In particolare, le attrici che hanno dato corpo e voce all’anziana investigatrice creata da Dame Christie risultano essenziali al disegno mitopoietico che si è andato formando intorno a questo personaggio. Ricordiamo Margaret Rutheford, nata nel 1892 in un sobborgo londinese, che ha dato vita a una Miss Marple sarcastica, caparbia e volitiva, paladina delle care, vecchie tradizioni inglesi e capace di contenuta commozione durante l’ascolto di Rule, Britannia! (in Murder Ahoy – Assassinio a bordo di George Pollock, 1964). Più moderna e sottile la Jane Marple di Angela Lansbury in The Mirror Crack’d – Assassinio allo specchio di Guy Hamilton, 1980: indagatrice della parte oscura dell’anima umana, ricostruisce con fine attitudine analitica psicologie e moventi, arrivando a ricomporre i mosaici esistenziali attraverso le impercettibili tracce lasciate dal dolore e dalle ossessioni, consapevole che i destini infelici e delittuosi delle persone non possono essere ricondotti entro i confini di un Ordine puramente teorico.
Appare quindi impervia l’impresa tentata da Edoardo Erba e Maria Amelia Monti, anche perché l’approccio teatrale italiano alla materia è troppo spesso culturalmente lontano da quello anglosassone. Molti elementi di questa versione di Miss Marple – Giochi di prestigio entrano in collisione non solo con l’originale, ma addirittura con un’interpretazione plausibile (meglio non usare il termine avvincente, qui fuori luogo) del romanzo e del personaggio principale, nonché di tutti gli altri. A parte certe goffaggini d’insieme (tempi sbagliati, situazioni dilatate oltre il lecito, toni urlati e melodrammatici, scarso affiatamento, stereotipi), è proprio la costruzione della protagonista a lasciare profondamente perplessi. Risulta difficile riconoscere Jane Marple nel costante ed evanescente salmodiare da ‘nata ieri’ scelto da Maria Amelia Monti, costretta dal copione ad agire in uno spazio interiore circoscritto e penalizzante; i tormentoni sulla vita a St. Mary Mead, gli aneddoti banali, l’oca che le lascia nel giardino grandi uova gelosamente avvolte in calze di lana pesante e custodite nella borsa da viaggio, il non riuscire a far emergere il lato metaforico del lavoro a maglia, la sostanziale unidimensionalità da fumetto, fanno della creatura della Regina del Giallo una paesana farisea e noiosa piuttosto lontana dal prototipo.
Sconcerta anche l’idea scenografica di sviluppare la vicenda in una cornice di praticabili e ballatoi costruiti con pedane e tubi metallici scuri, fari rugginosi e rotti da fabbrica dismessa, fumi che simulano le incursioni della nebbia e la costante evocazione dei minacciosi ‘capannoni’ dove vivono i giovani criminali che Lewis intende redimere con ostinazione maniacale.
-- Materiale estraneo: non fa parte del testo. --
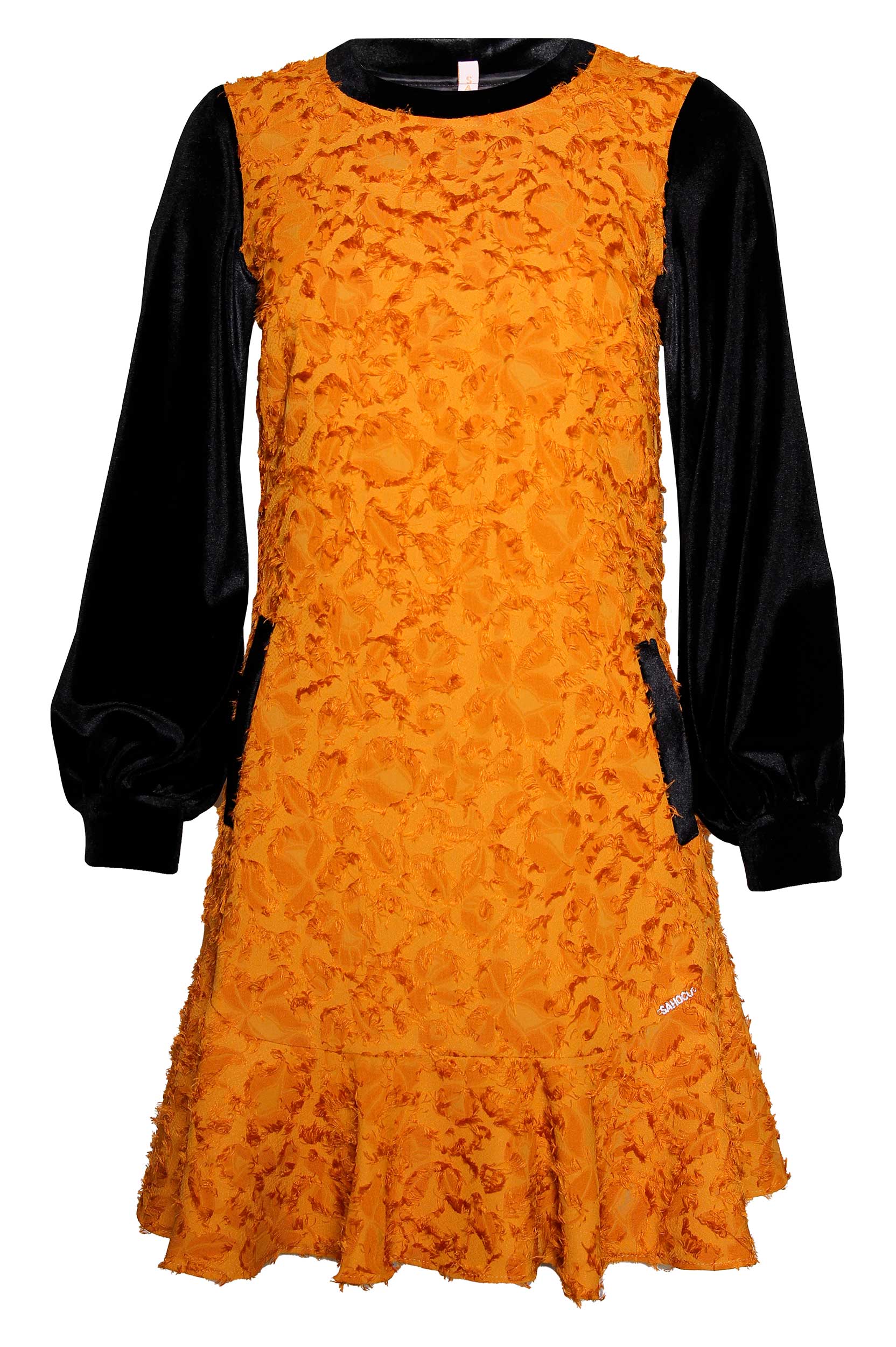 Vestido Curto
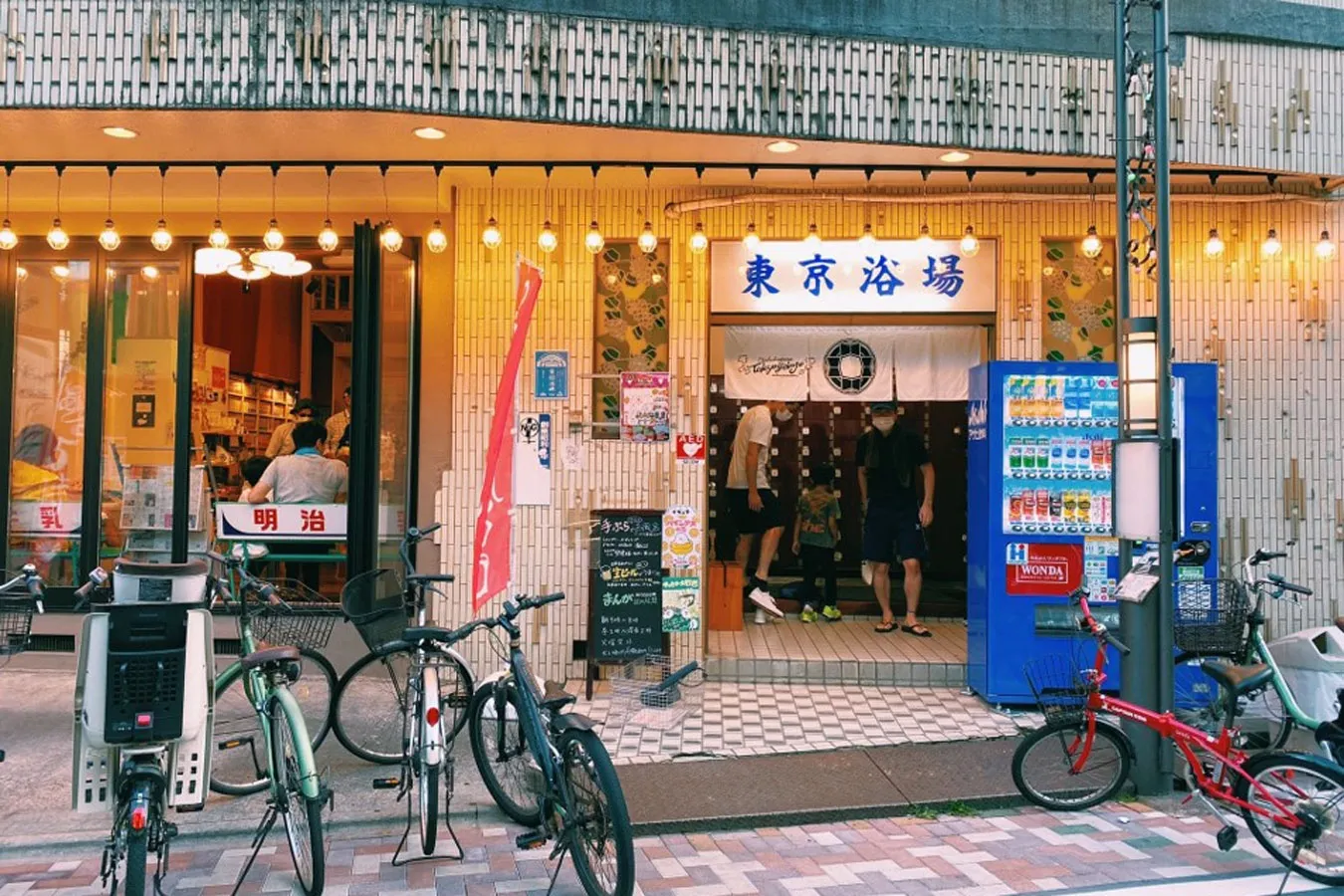東京のオススメ「銭湯」16選!600円で大満足な人気銭湯【2026】_4009523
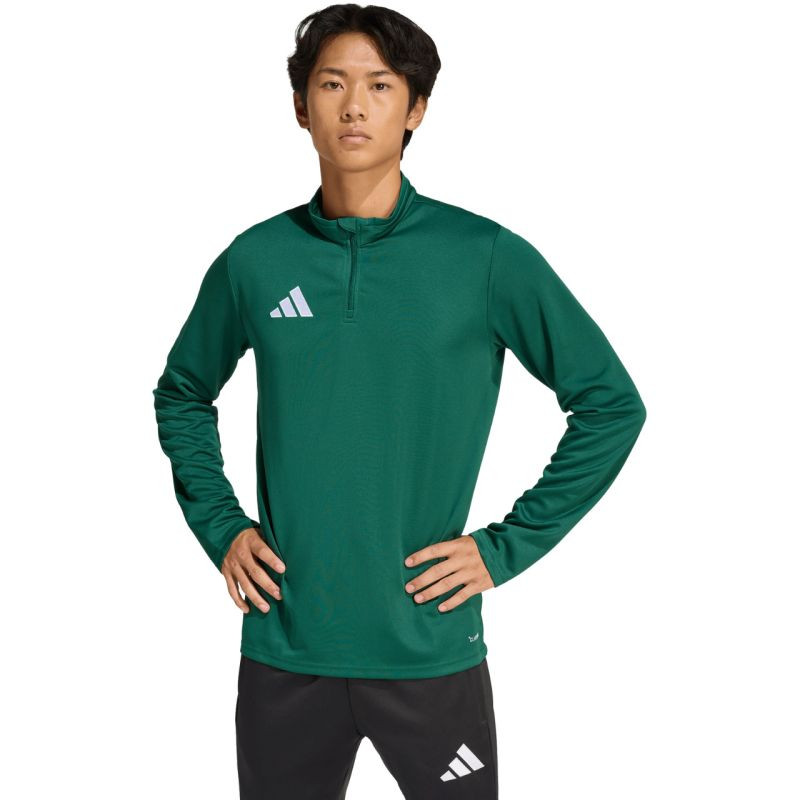 Pánské tričko adidas Entrada 26 Training Top green KE9823 pánské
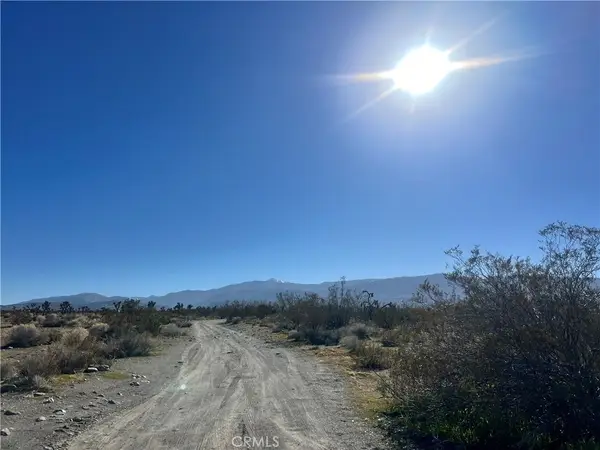 2025 Dos Palmas, Phelan, CA 92371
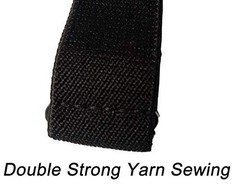 Elastic Adjustable Armband Shirt Garter Sleeve Holders 5-20 Inches 2 Pack For
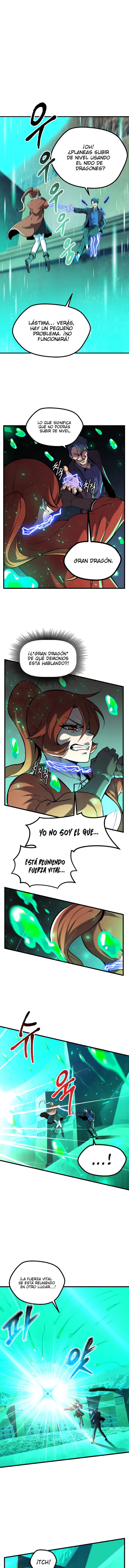 Otherworldly Sword King's Survival Records (2020) - Capítulo 36 - Página 3 - LectorTMOo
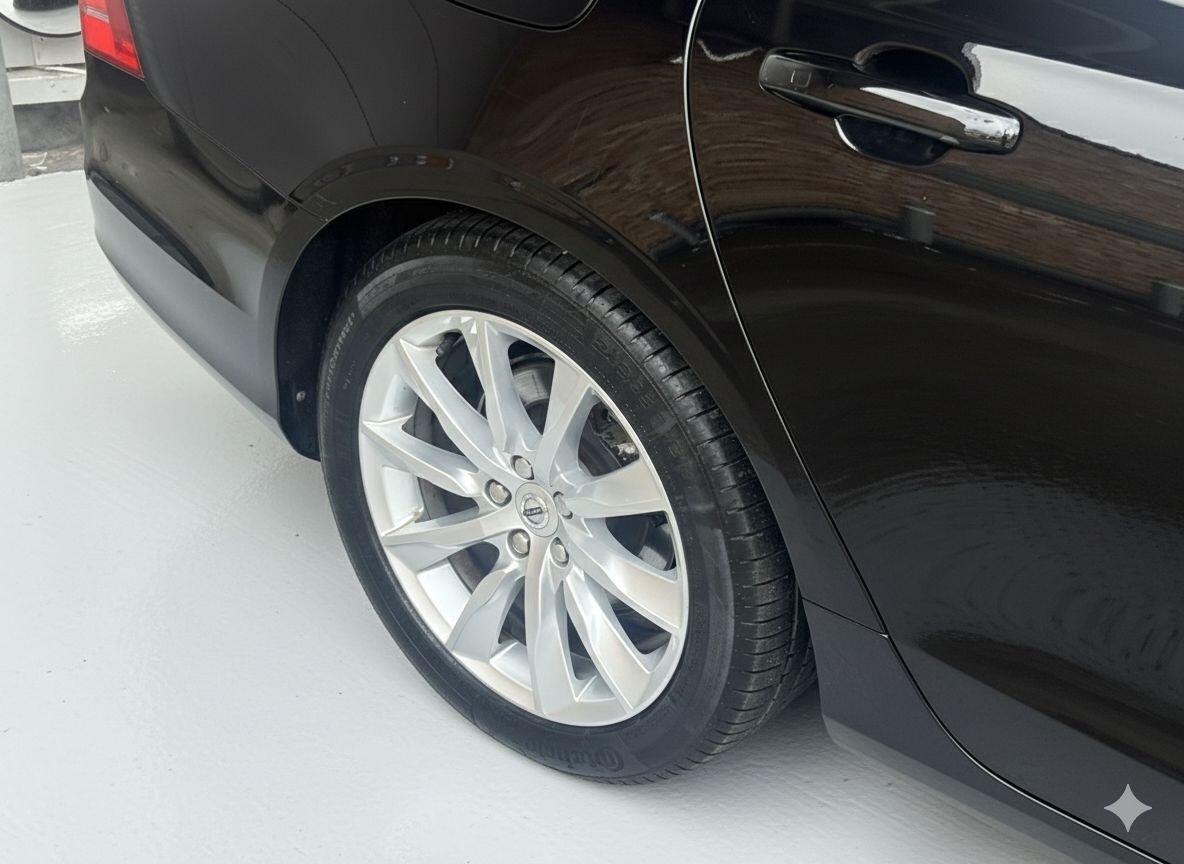 Used Volvo V90 2020 for sale - 77479210: Photo 28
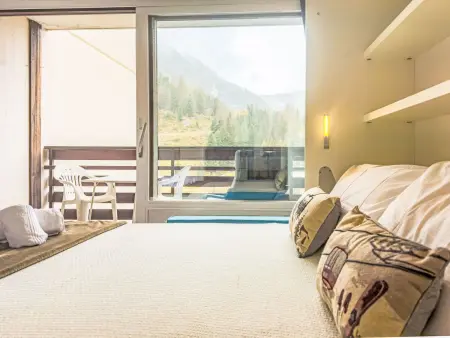 Rosablanche C12, Appartement 2 personnes à Siviez Nendaz - Photo 7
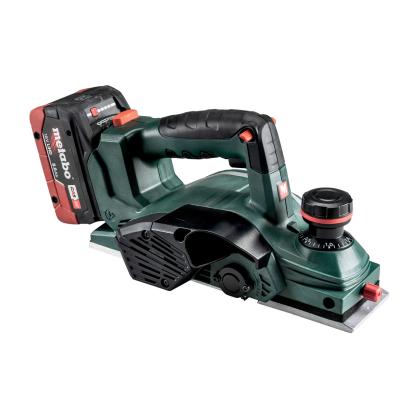 Metabo HO 18 LTX 20-82 elhøvl, 18V, uden batteri og lader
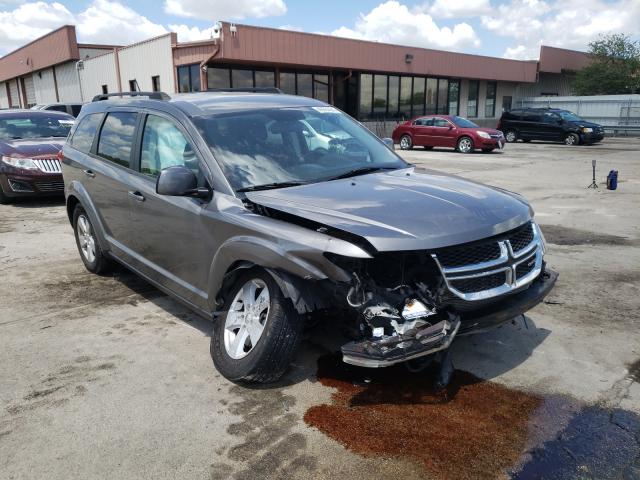 DODGE JOURNEY SX 2012 3c4pddbg6ct213823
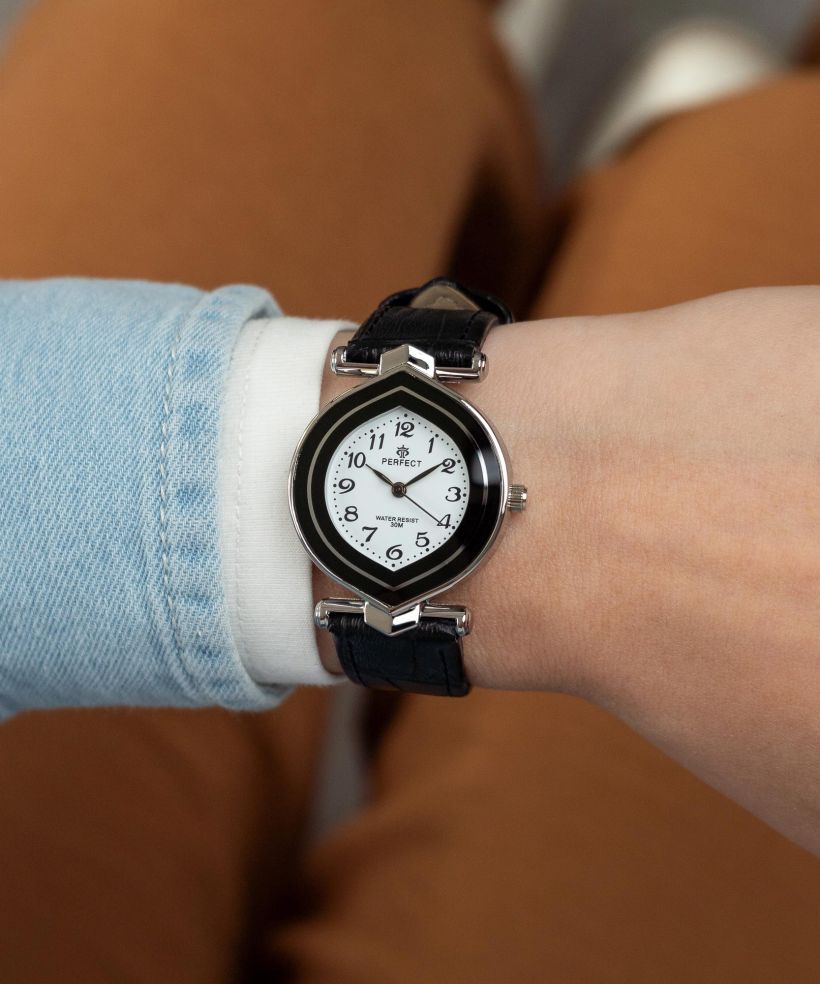 Годинник Жіночий Perfect Classic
Il tutto assai più adatto agli spettacoli berlinesi anni ’70 dello Schaubühne, sia pure in chiave decisamente minore e inconsapevolmente parodistica.
Debole e didascalica – un finale a coda di pesce – la trovata di ‘svelare’ il meccanismo narrativo di Agatha Christie, ossia situare gli avvenimenti reali nel retrobottega del visibile, stratagemma che lo accomuna al teatro. Tuttavia l’enunciazione meticolosa sottrae agli eventi la capacità di inquietare, che consiste proprio nella graduale presa di coscienza del lettore di non trovarsi mai al posto giusto, nel punto di osservazione ideale, di lasciarsi fuorviare di volta in volta dalle apparenze.